(EXERCISE INSTRUCTIONS): There is material below. Print exactly the lines starting at the line with "full bathroom featuring" and ending at the line with "Black and white", ends included, and no others.

(SUPPLIED DATA):
------------------------------------------------------------------------

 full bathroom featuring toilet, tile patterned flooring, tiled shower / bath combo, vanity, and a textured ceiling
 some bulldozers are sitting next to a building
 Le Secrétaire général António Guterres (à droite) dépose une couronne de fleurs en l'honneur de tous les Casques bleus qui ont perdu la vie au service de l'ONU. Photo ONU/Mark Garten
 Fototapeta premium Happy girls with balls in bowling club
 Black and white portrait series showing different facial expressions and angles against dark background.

------------------------------------------------------------------------

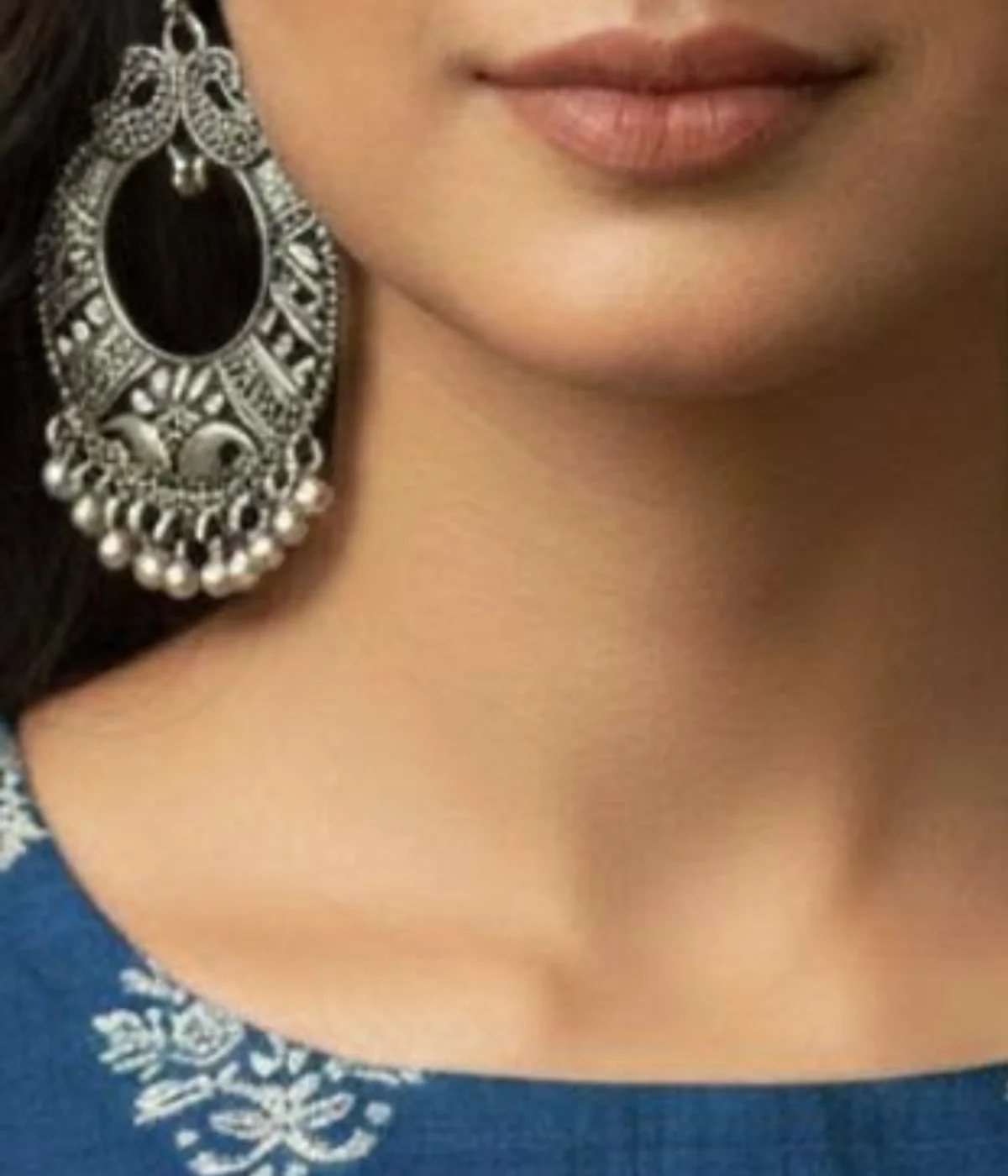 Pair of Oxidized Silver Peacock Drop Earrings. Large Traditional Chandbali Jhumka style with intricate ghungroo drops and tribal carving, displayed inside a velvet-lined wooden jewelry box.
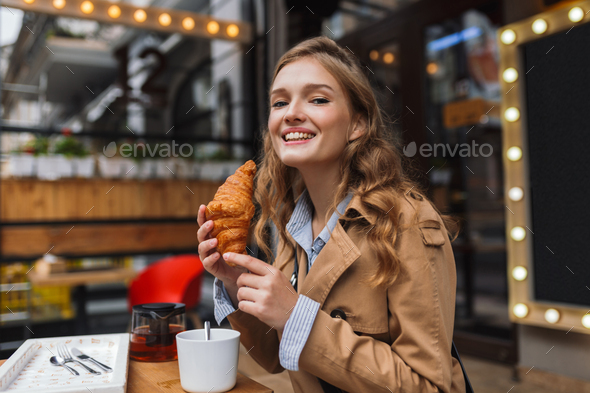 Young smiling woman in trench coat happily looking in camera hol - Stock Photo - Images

------------------------------------------------------------------------

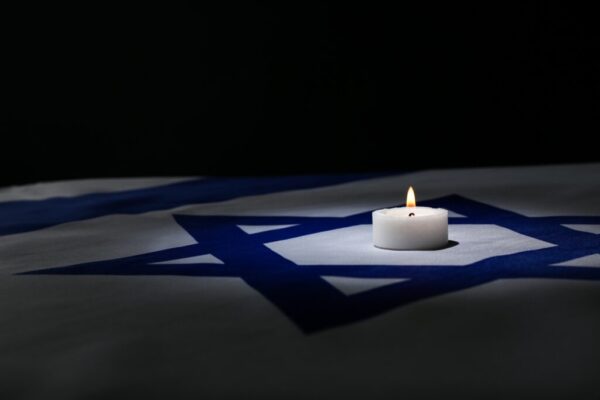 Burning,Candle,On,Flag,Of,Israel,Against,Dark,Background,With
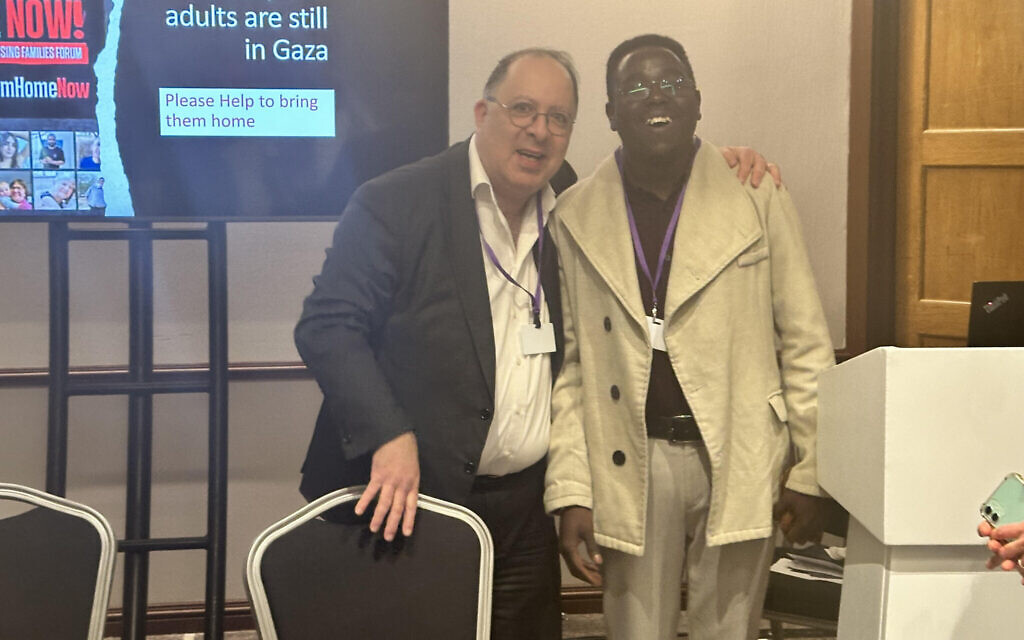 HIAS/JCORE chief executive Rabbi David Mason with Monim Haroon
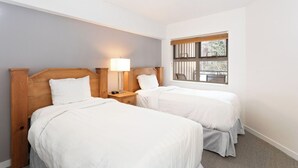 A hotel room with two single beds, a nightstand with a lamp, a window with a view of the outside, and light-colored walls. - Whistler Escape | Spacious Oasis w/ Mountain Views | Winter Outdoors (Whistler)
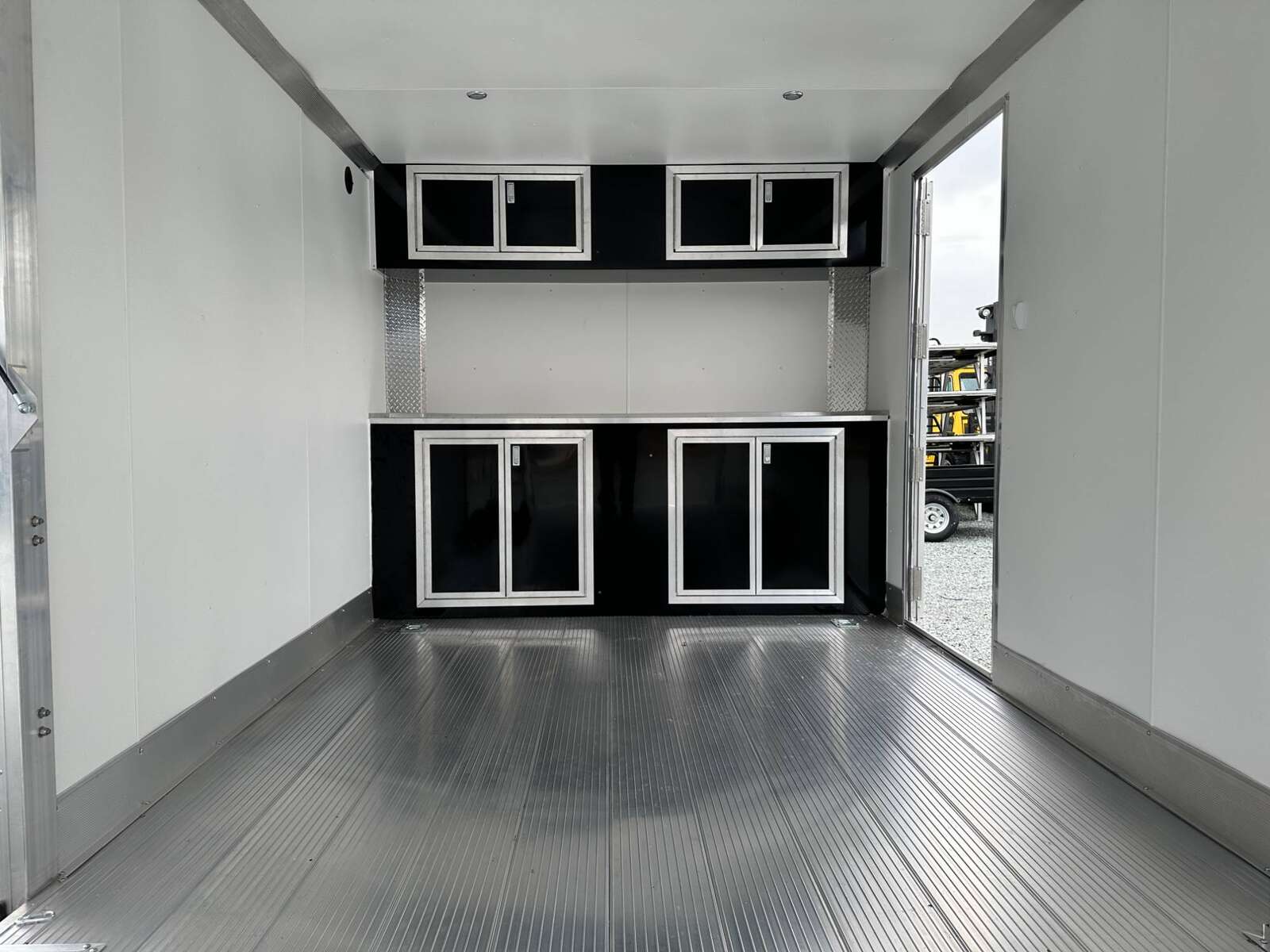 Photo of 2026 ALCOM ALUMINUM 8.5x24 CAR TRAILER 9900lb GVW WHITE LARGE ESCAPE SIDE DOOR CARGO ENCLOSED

------------------------------------------------------------------------

(WRITTEN SOLUTION):
 full bathroom featuring toilet, tile patterned flooring, tiled shower / bath combo, vanity, and a textured ceiling
 some bulldozers are sitting next to a building
 Le Secrétaire général António Guterres (à droite) dépose une couronne de fleurs en l'honneur de tous les Casques bleus qui ont perdu la vie au service de l'ONU. Photo ONU/Mark Garten
 Fototapeta premium Happy girls with balls in bowling club
 Black and white portrait series showing different facial expressions and angles against dark background.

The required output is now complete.